Job Satisfaction Is Not Just a Matter of Dollars
European workers are united in at least one respect: they have reported declining levels of job satisfaction to pollsters over the last three decades. In Britain, for example, the proportion of workers who said they were completely satisfied with their jobs was down to 14 percent in 2001 from 23 percent in 1992.
American workers, too, reported a drop in job satisfaction from the mid-1970's through the early 1990's, according to the General Social Survey by the University of Chicago. But the drop was mild, and since then, reported job satisfaction in the United States has inched up. In 1990, 48 percent of American workers said they were very satisfied with their work, and 51 percent said so in 2004.
Of course, one could question whether asking workers how satisfied they are reveals their inner feelings, or whether changes in job satisfaction have significance for anything real in the economy or business world. International comparisons are particularly problematic because of cultural differences in the propensity to gripe or gloat.
Yet there are reasons to pay attention to job satisfaction trends. If nothing else, a worker's job satisfaction rating is a strong predictor of the likelihood that he or she will quit or be absent from work.
Decades of research by psychologists and organizational behaviorists suggest that self-reported job satisfaction reflects two main factors: the feelings workers experience while actually on the job and a judgment about their employment situation, which reflects, in part, their expectations and aspirations. While job satisfaction can change if work circumstances change, a large component of reported job satisfaction also appears to be tied to workers' personality traits.
Job satisfaction is typically gauged by a general question that asks people how satisfied they are with their work on the whole. Feelings at work are assessed by asking workers while they are on the job about their mood at that specific moment or by asking them to record their feelings in a diary.
Factors like job security, pay and benefits contribute more strongly to reported job satisfaction than to the feelings experienced at work, while day-to-day features of the work environment, like the closeness of supervision, pressures to work quickly and social isolation, have a more depressing effect on feelings than on reported job satisfaction.
In his new book, "Demanding Work: The Paradox of Job Quality in the Affluent Economy" (Princeton University Press), Francis Green, an economist at the University of Kent in Canterbury, England, documents trends in job satisfaction around the world and tries to make sense of them. Professor Green points to a decline in discretion on the job as the main explanation for the drop in job satisfaction in Britain, although he suspects that other factors, like an increase in work intensity, also contributed.
The reasons for the rosier trend in job satisfaction in the United States than in Europe are not entirely clear. Michael J. Handel, a sociologist at the University of Wisconsin in Madison, emphasizes that "the main reason for stable perceptions in the 1990's is a general stability in objective conditions." His analysis showed a slight decline in the degree of interest workers expressed in their jobs and a slight improvement in perceived relations with management and co-workers.

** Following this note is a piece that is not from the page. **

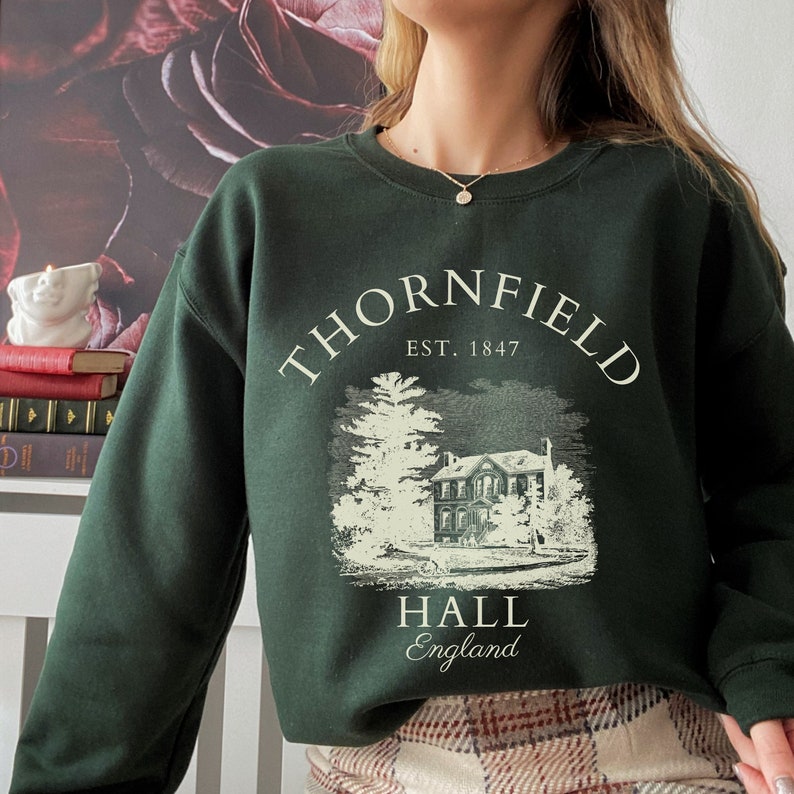 May include: A dark green sweatshirt with a white graphic print of a house and trees. The text "Thornfield Hall, Est. 1847, England" is printed on the sweatshirt.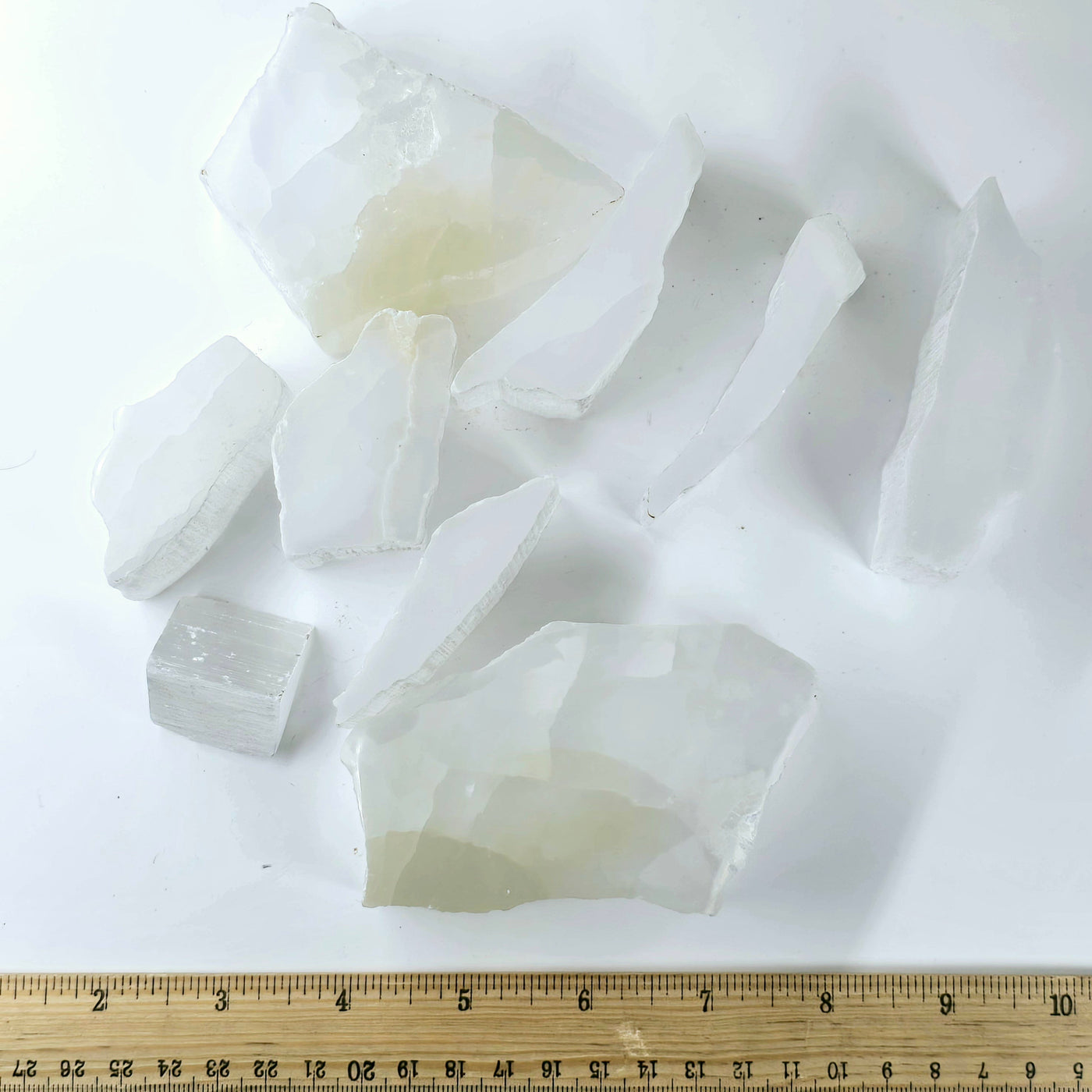 all selenite slabs with ruler for size reference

One possibility is that American employers have sought to create conditions that enhance worker satisfaction and deter unionization. Dissatisfied workers are much more likely to say they would vote for a labor union. In Europe, union coverage is often set at the industrial or regional level, so individual employers have less incentive to foster social relations at work to discourage union organizing.
Faced with changing technology, like the spread of computer-related monitoring, American employers might have strived to maintain good relations with workers and to keep them engaged in the company, factors that weigh heavily in job satisfaction, while European employers might have let worker satisfaction slip.
Many American employers certainly act as if they care about worker satisfaction. Companies spend millions of dollars surveying their workers' job satisfaction each year.
Emerging evidence suggests that satisfied and engaged workers are also more productive workers. A study by James K. Harter of the Gallup Organization, Frank Schmidt of the University of Iowa and Theodore L. Hayes of the Immigration and Naturalization Service, published in the Journal of Applied Psychology in 2002, provides extensive evidence, drawing on Gallup's client surveys, which covered 198,514 workers in 7,939 business units from 36 companies.
For each company, they related each unit's profitability, productivity, customer satisfaction, turnover and work accidents to its employees' ratings of job satisfaction and engagement. Engagement included factors like whether employees said they knew what was expected of them and whether they had received encouragement at work.
Business units with more satisfied or engaged workers tended to perform better in all five areas. Acknowledging that cause and effect are difficult to establish, Mr. Harter said that from comparing the timing of changes in employee engagement and business unit performance, he suspected that higher engagement and worker satisfaction led to better business unit performance.
Gallup is not an uninterested bystander - about a quarter of its revenue comes from advising management on employment issues - but scattered case studies also suggest that higher job satisfaction benefits productivity.
Predictions of a joyless job market in the United States are not borne out by the available data in the last decade, despite the erosion of health benefits and sluggish pay growth.
The reason is simple: worker satisfaction, as ordinarily measured, depends at least as much on social aspects of work, and having a sense of meaning and interest in work, as it does on material rewards. People appear to grow accustomed to changes in material rewards more easily than they do to the daily stresses of work.
Alan B. Krueger is the Bendheim professor of economics and public affairs at Princeton University. His Web site is www.krueger.princeton.edu.